19. In some smallholder coffee research subsites in Uganda, all of the RUs identified in the census, as opposed to a random selection of RUs, were revisited to obtain the expanded sampling frame of individuals. This strategy was adopted in research sites where export crop wage workers lived in scattered RUs interspersed with many other RUs containing no such workers. The aim was to ensure that the population list of individuals contained a sufficient number of the scattered wage workers so that a random sample drawn from the list of individuals was likely to capture respondents with and without relevant labour market experience.

20. The list of possible classifications of respondents varied across research sites. The electronic questionnaire included additional questions for some research sites, reflecting the type of variation that FTEPR hoped to achieve in the context of different crops and production conditions.

21. The site selection and sampling methods and GPS technology allow for a follow-up survey of a subsample of the original respondents. FTEPR research also involves qualitative research methods, including life histories of a small sample of those included in the initial survey. The advantages of “nesting” life histories within larger quantitative surveys are described in Schatz (Citation2012) and in Sender, Oya and Cramer (Citation2006).

22. At the other end of the scale, the largest and richest farmers in a rural area may also be excluded from lists of households or farm households because their farms are not defined as being operated by “households” (Choudhry Citation2008, 11) or simply because surveys of households usually exclude the top end of the wealth/income distribution (Székely and Hilgert Citation1999; Deaton Citation2001; Banerjee and Piketty Citation2003, 4). The domestic and farm servants living with and working for the rural rich are, therefore, also missing from rural household surveys.

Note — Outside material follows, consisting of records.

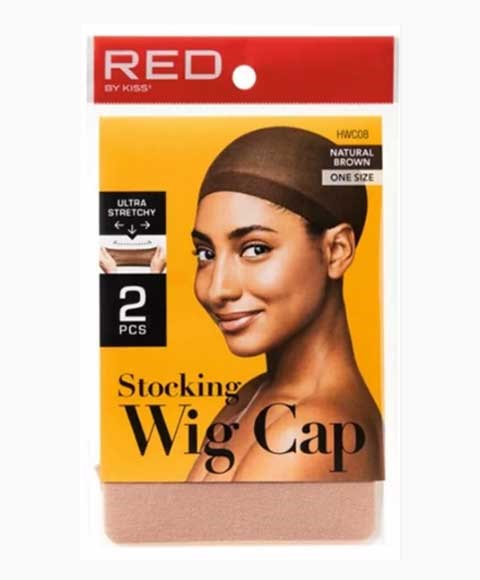 STOCKING WIG CAP NATURAL BROWN HWC08 2 pcs Extensions Accessories Asetena Pa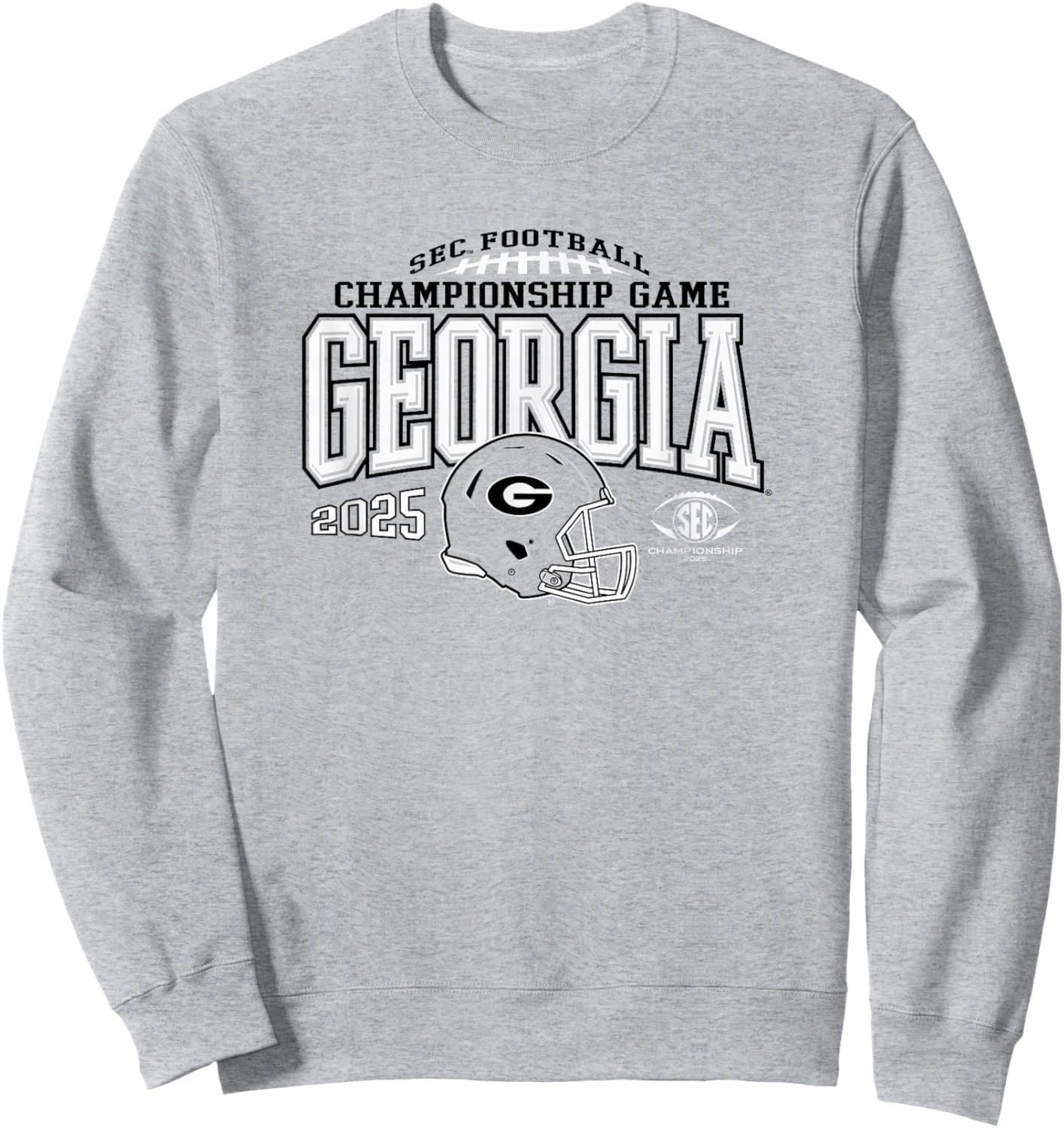 Georgia Bulldogs SEC Championship 2025 Football Red Sweatshirt - Sweatshirt | Ash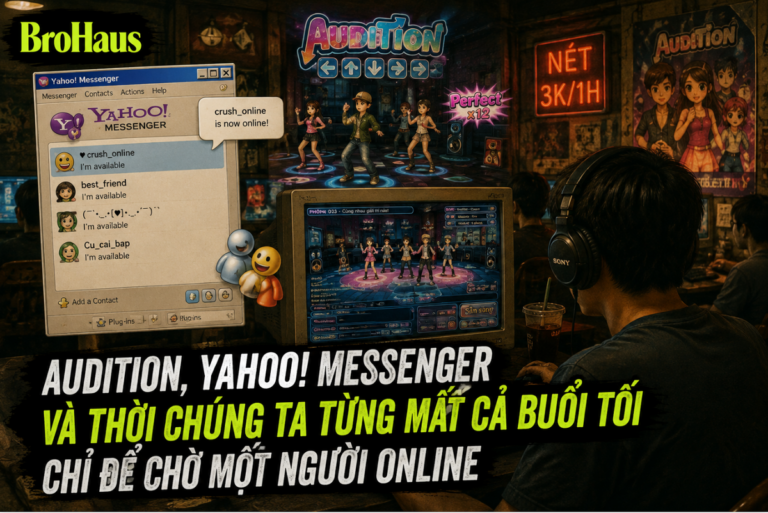 Màn hình máy tính gợi nhớ những buổi tối chờ bạn bè online trên Yahoo! Messenger
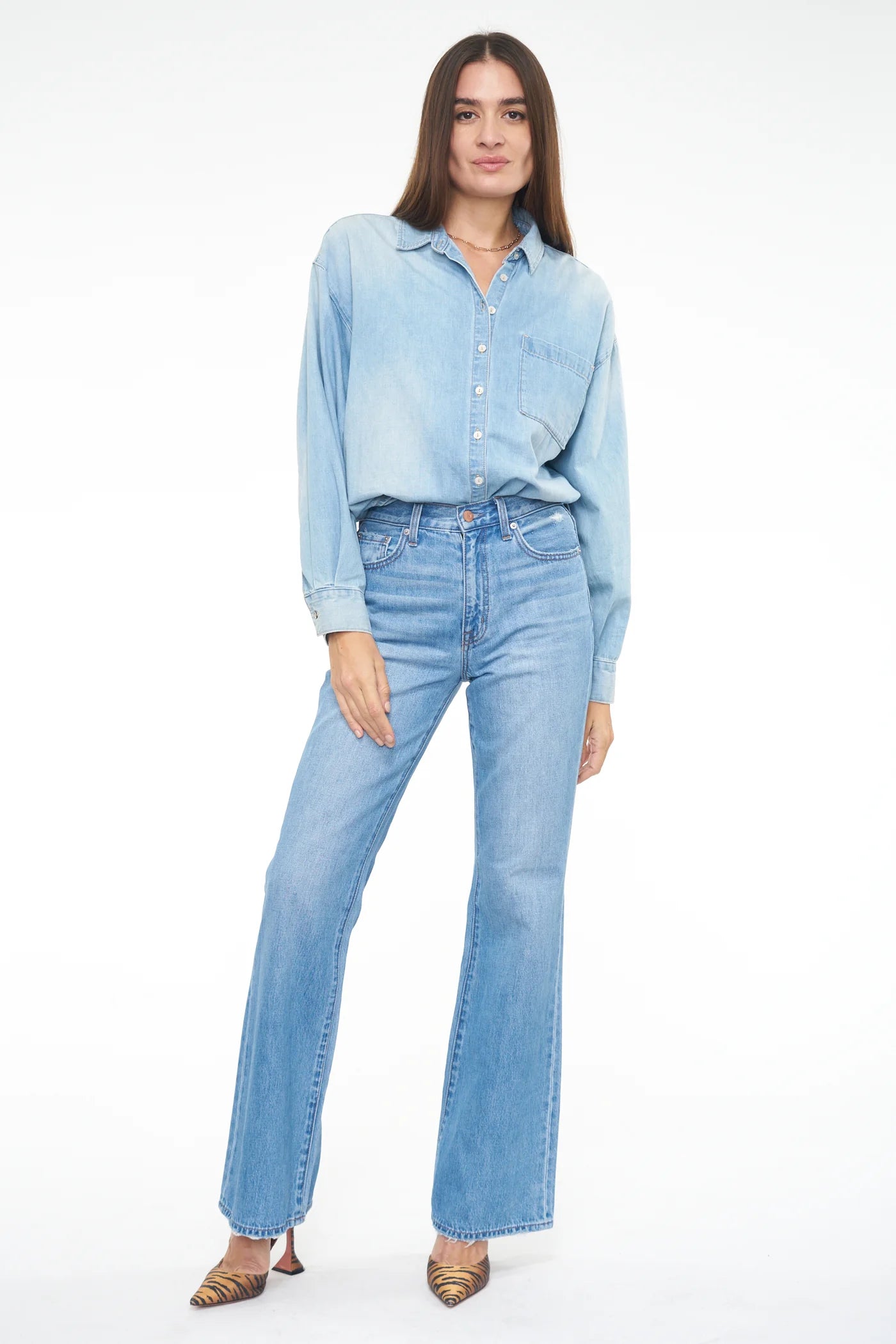 Sloane Long Sleeve Shirt in Edgewater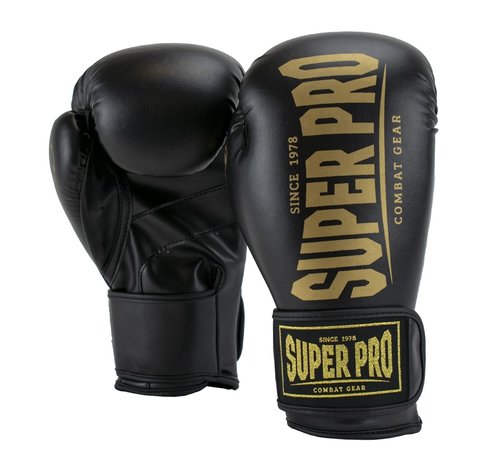 Super Pro Combat Gear Champ SE (kick)bokshandschoenen Zwart/Goud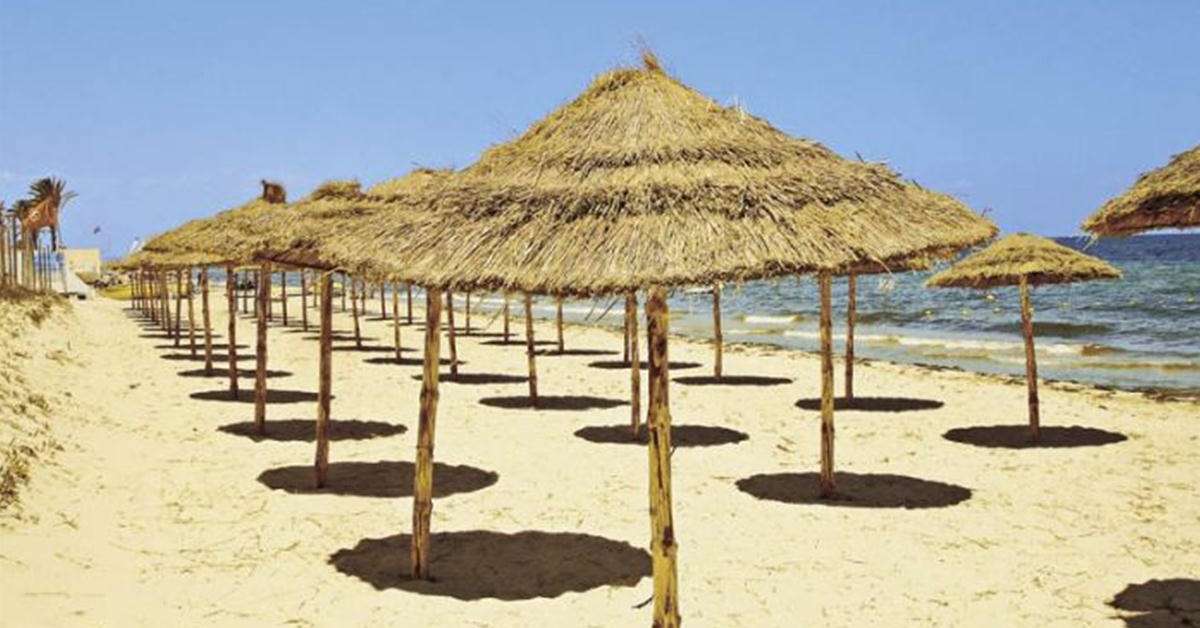 Een foto van het strand bij Monarque Club Rivage Monastir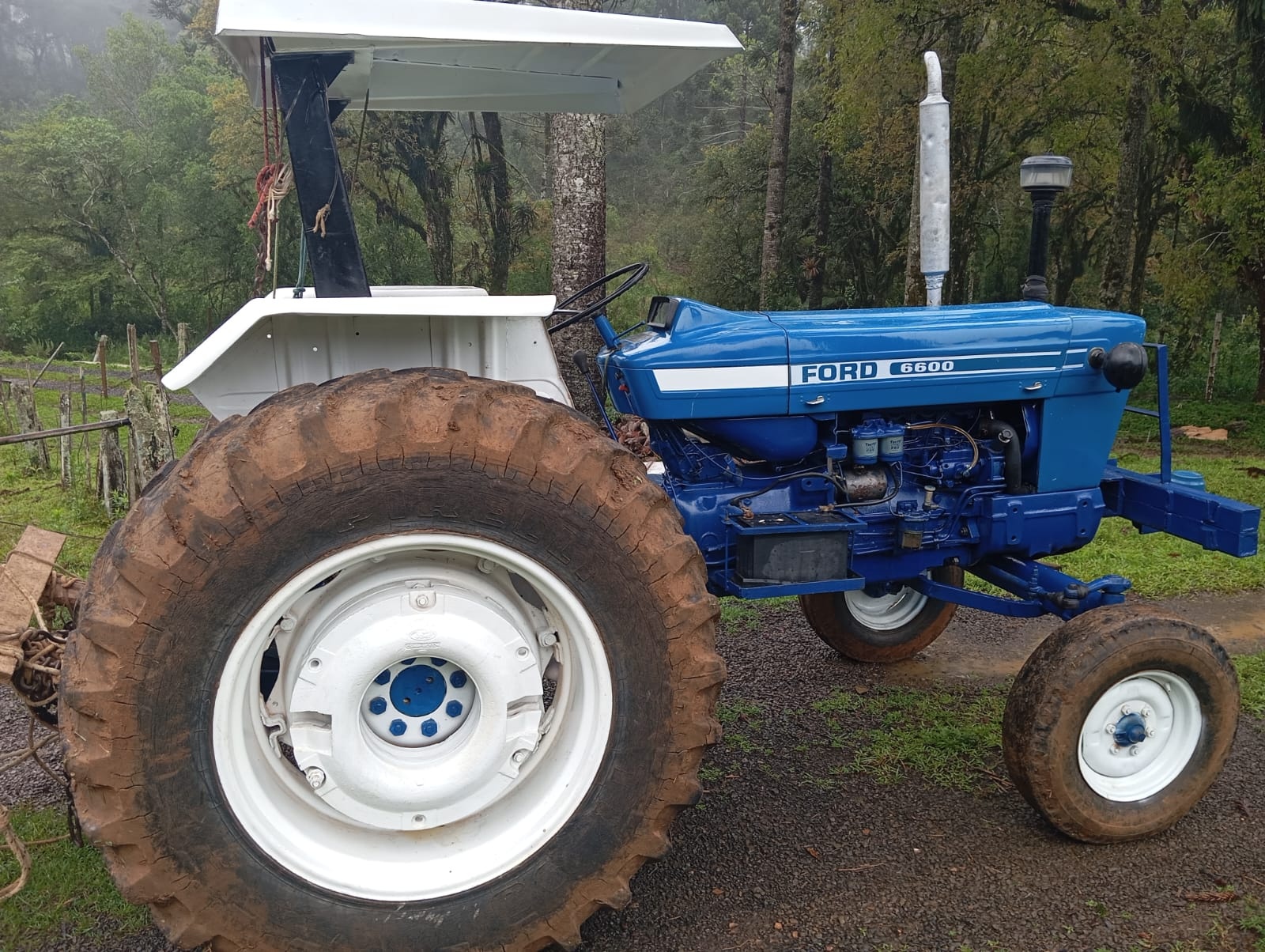 Trator Ford 6600 ano 1983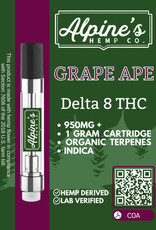 Alpine's Alpine Delta 8 Grape Ape Cart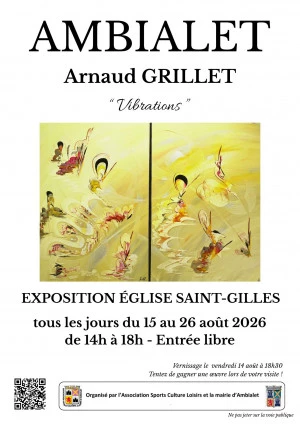 Affiche « Vibrations » – Arnaud Grillet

23. Some implications of the failure to collect information on young, mobile rural people who are defined as ‘non-residents’ in conventional household surveys have been quantified using data from Burkina Faso. Their exclusion has a major influence on assessments of rural living standards (Akresh and Edmonds Citation2010). In Vietnam, assessments of rural and urban living standards have been shown to be unreliable for the same reasons (Pfau and Giang Citation2008).

24. The definition was designed to include the following four categories of linked individuals: (1) those who live permanently with the principal respondent and who share income and expenditure; (2) those who, even if not sharing residence on a regular basis, make significant economic contributions (in cash or in kind) to the expenses of the household/respondent; (3) those who, even if not sharing residence, regularly depend on economic contributions in cash or in kind from the respondent or others in the RU; and (4) those who, even if not resident at all in the same place as the respondent, either can be relied upon by the respondent, or receive contributions from the respondent.

25. Evidence from different disciplines “shows that the household as defined by survey statisticians may bear little resemblance to the social unit in which people live” (Randall, Coast, and Leone Citation2011, 217).

26. The innovative FTEPR questionnaire is available at www.ftepr.org.